Yes, Google has my private stuff on their private property. Yet, I’d like to think that, if it were clear that Google or anybody else actually released our private material, there would be a shitstorm of lawsuits. Unfortunately, I too clearly remember Yahoo giving something up to the Chinese government, twice, but then again, anyone sending anything in or out of China would have to assume it is going to be inspected.
“Making all the world’s *public* information accessible” is too long for a catchphrase.

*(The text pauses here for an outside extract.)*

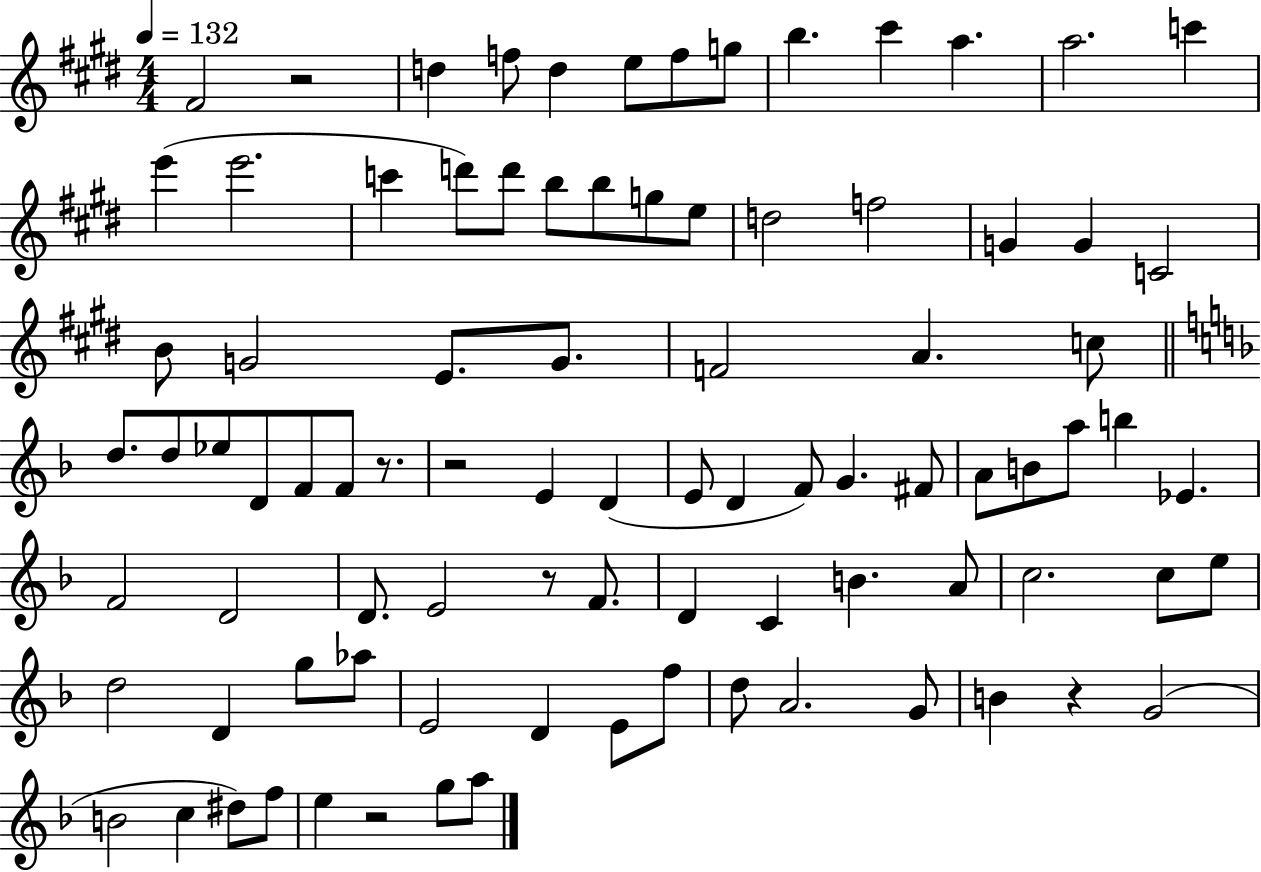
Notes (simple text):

Spam: One can use a local spam-catcher such as SpamSieve, which in particular some have found daunting to configure, but I prefer server-side spam blocking whenever possible. I’ve always been ticked with the ISPs for not installing decent spam protection in their email services.
I may be misunderstanding something: You’re talking about forwarding any email address via Gmail, but I do have to continue keeping that email address valid, right? If I stop paying Earthlink, won’t anything sent to that address simply bounce back to the sender? Or does Gmail somehow intercept it, even though I won’t be able to access it via Earthlink’s webmail?

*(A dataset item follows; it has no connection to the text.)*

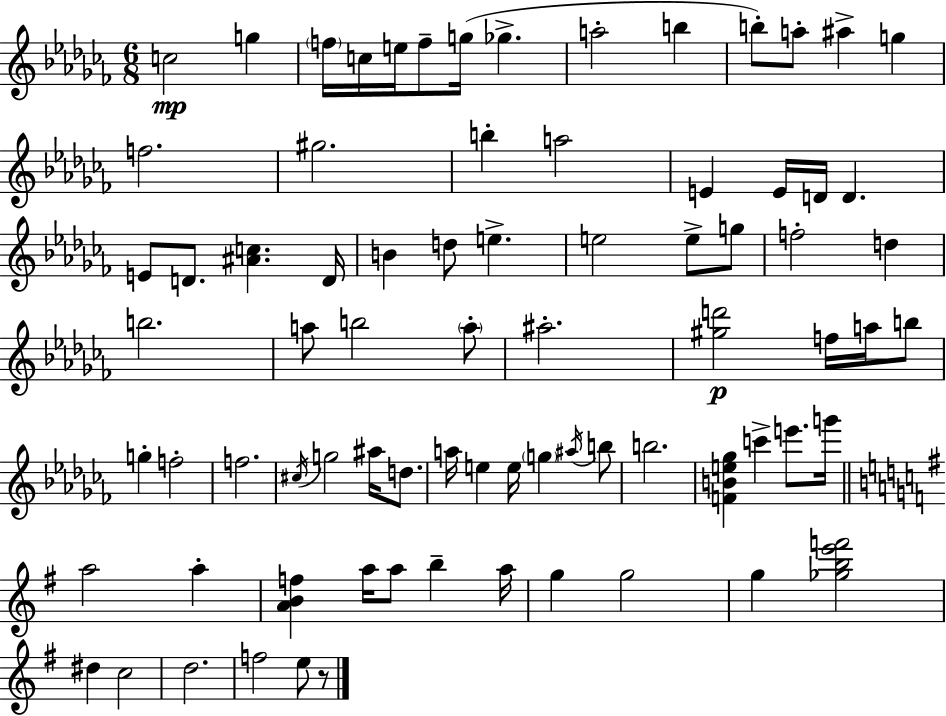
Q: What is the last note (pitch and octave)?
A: E5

Unrelated: I just got a 2nd gen iPod Touch. What apps do I want?
Right. You would likely want to keep your Earthlink address alive for a while, and start emailing trusted correspondents that your address is changing. In the case of email for your personal domain, if the hosting service you have is charging you or is unreliable, moving those to Gmail is simply smart. A little off-topic: If you’re paying more than $4/month for email and web hosting, you can save the difference. I use WordPress as an application included with GoDaddy’s $3.95/month web hosting, and point “mail exchange records” for my domain to Google Apps.
Gotcha. My case is probably a little unusual, but since there are hundreds of people from whom I want to get email — plenty of whom I don’t even know until they email me — announcing a new address is just such a big hassle I’m willing to pay $48/year for the foreseeable future.

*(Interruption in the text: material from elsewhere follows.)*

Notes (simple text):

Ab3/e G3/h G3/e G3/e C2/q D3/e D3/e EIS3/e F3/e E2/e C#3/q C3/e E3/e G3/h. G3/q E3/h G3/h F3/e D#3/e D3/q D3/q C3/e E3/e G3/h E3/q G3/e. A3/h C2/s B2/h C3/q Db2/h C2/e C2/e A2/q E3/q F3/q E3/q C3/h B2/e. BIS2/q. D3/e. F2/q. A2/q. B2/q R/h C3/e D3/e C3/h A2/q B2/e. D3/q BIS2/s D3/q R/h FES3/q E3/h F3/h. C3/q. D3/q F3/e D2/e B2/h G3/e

Of course, and while you feel that’s the right move, might as well begin the transition to Google Apps. Please understand, I would dearly love for anyone to come up with an alternative. But so far none have measured up.
FWIW, Dreamhost allows uses to switch between utilizing them or Google for email and web services separately. So you can can keep and organize a bunch of domains through Dreamhost and try out Google hosting when and where needed – the flexibility is great. It’s kind of complicated for most users but one can evan host email in both locations simultaneously which has advantages (like more access options and double spam filtering).
Perhaps Dreamhost makes that switch more easy and GUI, but making those choices with any registrar merely requires that you have total control over your DNS records. GoDaddy still hosts my WordPress web site, and in my GoDaddy DNS panel, I pointed my mail exchange at Google Apps.